§ **TASK INPUT**
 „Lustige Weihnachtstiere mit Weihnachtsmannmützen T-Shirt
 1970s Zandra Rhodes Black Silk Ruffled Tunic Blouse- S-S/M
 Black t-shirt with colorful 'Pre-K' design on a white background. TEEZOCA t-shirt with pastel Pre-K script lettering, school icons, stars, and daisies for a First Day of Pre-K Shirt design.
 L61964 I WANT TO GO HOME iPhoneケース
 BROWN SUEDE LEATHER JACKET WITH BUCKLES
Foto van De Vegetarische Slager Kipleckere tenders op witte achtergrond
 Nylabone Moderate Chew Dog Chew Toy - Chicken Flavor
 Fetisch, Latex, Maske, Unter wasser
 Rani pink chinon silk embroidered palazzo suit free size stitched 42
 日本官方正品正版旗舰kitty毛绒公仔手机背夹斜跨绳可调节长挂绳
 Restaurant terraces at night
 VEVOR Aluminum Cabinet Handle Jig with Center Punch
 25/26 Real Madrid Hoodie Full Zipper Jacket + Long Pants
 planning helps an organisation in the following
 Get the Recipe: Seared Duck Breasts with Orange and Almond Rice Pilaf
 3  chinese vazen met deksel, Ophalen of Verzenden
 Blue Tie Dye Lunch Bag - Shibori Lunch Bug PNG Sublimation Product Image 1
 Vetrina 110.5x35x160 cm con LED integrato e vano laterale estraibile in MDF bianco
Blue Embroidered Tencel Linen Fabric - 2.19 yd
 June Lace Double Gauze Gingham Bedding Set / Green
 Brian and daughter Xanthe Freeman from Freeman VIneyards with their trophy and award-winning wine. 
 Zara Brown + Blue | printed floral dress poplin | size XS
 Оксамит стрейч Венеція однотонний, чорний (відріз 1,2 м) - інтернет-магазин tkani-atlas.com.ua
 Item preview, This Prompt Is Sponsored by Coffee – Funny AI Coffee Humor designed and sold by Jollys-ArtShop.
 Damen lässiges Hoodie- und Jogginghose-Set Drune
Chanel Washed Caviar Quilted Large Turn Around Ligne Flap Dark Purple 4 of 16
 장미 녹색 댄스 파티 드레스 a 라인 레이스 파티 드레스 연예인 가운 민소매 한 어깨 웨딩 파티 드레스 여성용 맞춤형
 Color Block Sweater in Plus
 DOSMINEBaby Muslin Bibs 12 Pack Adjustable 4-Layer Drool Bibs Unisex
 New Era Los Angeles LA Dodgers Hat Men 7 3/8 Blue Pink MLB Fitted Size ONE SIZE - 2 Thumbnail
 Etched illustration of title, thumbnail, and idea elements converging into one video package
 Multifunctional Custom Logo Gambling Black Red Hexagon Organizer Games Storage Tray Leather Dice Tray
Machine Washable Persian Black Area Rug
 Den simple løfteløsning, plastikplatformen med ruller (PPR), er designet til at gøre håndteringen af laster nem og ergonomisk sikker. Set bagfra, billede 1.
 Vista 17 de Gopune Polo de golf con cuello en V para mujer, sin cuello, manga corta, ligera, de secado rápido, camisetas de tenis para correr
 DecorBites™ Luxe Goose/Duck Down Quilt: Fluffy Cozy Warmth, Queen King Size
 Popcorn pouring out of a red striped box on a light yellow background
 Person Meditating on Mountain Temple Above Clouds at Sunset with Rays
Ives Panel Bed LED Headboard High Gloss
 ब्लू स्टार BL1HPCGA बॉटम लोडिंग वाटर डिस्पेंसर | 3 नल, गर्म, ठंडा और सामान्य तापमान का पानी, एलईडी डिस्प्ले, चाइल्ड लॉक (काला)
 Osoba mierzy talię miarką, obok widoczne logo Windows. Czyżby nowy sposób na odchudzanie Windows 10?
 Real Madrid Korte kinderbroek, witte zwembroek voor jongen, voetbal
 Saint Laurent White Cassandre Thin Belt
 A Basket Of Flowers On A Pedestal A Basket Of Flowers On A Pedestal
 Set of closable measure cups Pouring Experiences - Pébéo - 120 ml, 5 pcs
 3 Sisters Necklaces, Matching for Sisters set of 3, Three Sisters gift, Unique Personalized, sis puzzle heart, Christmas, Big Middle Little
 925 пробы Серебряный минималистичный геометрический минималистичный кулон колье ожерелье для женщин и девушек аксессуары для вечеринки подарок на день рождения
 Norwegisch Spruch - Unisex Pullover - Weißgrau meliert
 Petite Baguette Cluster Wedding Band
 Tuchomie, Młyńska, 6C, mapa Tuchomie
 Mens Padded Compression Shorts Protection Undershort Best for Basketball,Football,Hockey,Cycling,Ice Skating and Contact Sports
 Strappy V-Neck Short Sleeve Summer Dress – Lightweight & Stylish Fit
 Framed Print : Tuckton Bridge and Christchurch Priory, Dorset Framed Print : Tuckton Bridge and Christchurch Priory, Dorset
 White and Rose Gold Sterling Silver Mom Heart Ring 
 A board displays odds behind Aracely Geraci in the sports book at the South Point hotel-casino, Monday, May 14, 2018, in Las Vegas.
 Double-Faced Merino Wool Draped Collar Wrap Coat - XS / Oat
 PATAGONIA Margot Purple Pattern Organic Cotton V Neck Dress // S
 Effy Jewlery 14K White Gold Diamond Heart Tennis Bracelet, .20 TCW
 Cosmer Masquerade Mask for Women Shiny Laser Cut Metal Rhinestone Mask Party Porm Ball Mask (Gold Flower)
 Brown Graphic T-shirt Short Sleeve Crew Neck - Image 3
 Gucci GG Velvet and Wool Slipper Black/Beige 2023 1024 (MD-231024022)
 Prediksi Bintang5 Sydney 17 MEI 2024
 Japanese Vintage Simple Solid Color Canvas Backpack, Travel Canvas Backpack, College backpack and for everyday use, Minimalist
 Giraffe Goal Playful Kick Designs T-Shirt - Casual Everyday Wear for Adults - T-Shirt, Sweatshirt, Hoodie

§ **PROBLEM TO SOLVE**
Copy all lines of the records that have the string "background" in them.

§ **SOLUTION TO THIS PROBLEM**
 Black t-shirt with colorful 'Pre-K' design on a white background. TEEZOCA t-shirt with pastel Pre-K script lettering, school icons, stars, and daisies for a First Day of Pre-K Shirt design.
 Popcorn pouring out of a red striped box on a light yellow background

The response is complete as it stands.